Several events challenge us to address the perils facing the planet, starting with a January 31 global warming conference. The relationship of religion, politics, and terrorism will be explored in a number of events. Anxiety of an altogether different sort – fears that the Web threatens our culture – will be debated. And, on the lighter side, an open-hearted young boy reminds grown-ups about "matters of consequence" in a San Francisco Opera production.

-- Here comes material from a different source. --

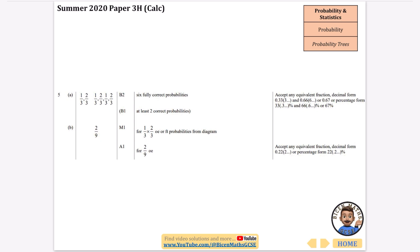The next part is going to be where I do similar things to tree diagrams, but without actually drawing the probability trees. Come back for that video and make sure you're getting all the revision you can done for your exams.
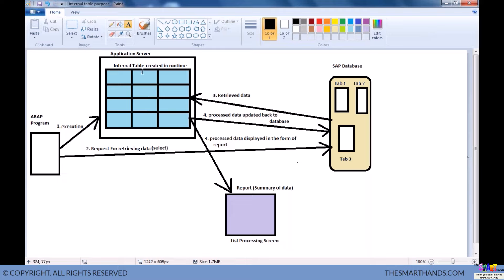For the next few sessions, since we don't know how to interact with the database yet, we will create the internal table and fill its data manually. According to the diagram, we normally retrieve data from the database and store it in the internal table, but we'll fill it manually for now. Once data is processed in the internal table, we can update it back to the same table or to a different table — depending on the requirement.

The following is a highly subjective shortlist, chosen with help from staff across campus, of events of general interest. Details may change, and events will be added, so visit the Critic's Choice website daily to stay informed. (Please notify us of any corrections/updates.)
Global Warming and Energy
Berkeley has a long and rich history of pioneering knowledge and action on the most urgent issues, and climate change is no exception. "Focus the Nation — Global Warming Solutions for America" is an all-day symposium consisting of faculty presentations, panel discussions, and student-led breakout sessions. Berkeley will be among more than 1,000 colleges and universities across the country holding "Focus the Nation" events on the same day (Thursday, Jan. 31, 8:15 a.m., International House). The effects of global warming on evolution are explored in "Global Climate Change and its Influence on Evolution," (Saturday, Feb. 9, 2050 Valley Life Sciences Bldg.), which is part of a week-long celebration of Darwin's birthday. The conversation about sustainable solutions to meet the world's growing energy requirements resumes with the "2008 UC Berkeley Energy Symposium: Leadership at the Nexus of Energy Science, Policy & Business" (Friday, March 7, 8 a.m., Martin Luther King Jr. Student Union).
Dance and Theater
Eco-problems will be explored in a less conventional setting in the re-mounting of Bay Area choreographer Kim Epifano's "Melt", one of the Berkeley Dance Project's works. Originally commissioned for students of the University of San Francisco and UC San Diego in 2007, "Melt" considers the implications of global warming and environmental change on bodies, cultures, and consciousness (Friday, April 18, 8 p.m., Zellerbach Playhouse).
Cal Performances' spring dance program includes brilliantly choreographed Russian folk dances by the Moiseyev Dance Company (Friday-Sunday, Feb. 8-10, 8 p.m., Zellerbach Hall) and the Tchaikovsky Perm Ballet and Orchestra with guest artists Natalia Makarova's "Swan Lake." Makarova, who for many years thrilled the ballet world as the preeminent Odette/Odile, conceived, directed, and choreographed this production of "Swan Lake," in combination with the classic choreography of Marius Petipa, Lev Ivanov and Sir Frederick Ashton (Friday-Sunday, March 28-30, Zellerbach Hall).
Founded by conductor Thomas Dausgaard, the 38-member Swedish Chamber Orchestra will perform works by Mozart, Beethoven, Schumann, and others (Sunday, April 6, 3 p.m., Zellerbach Hall). Our very own UC Symphony will perform Bartok, Barber, Chausson, and Schoenberg (Friday-Saturday, Feb. 29-March 1, 8 p.m., Hertz Hall) and Ravel, Strauss, and new music by contemporary composers Edmund Campion and Jean Ahn (Friday-Saturday, May 9-10, Hertz Hall).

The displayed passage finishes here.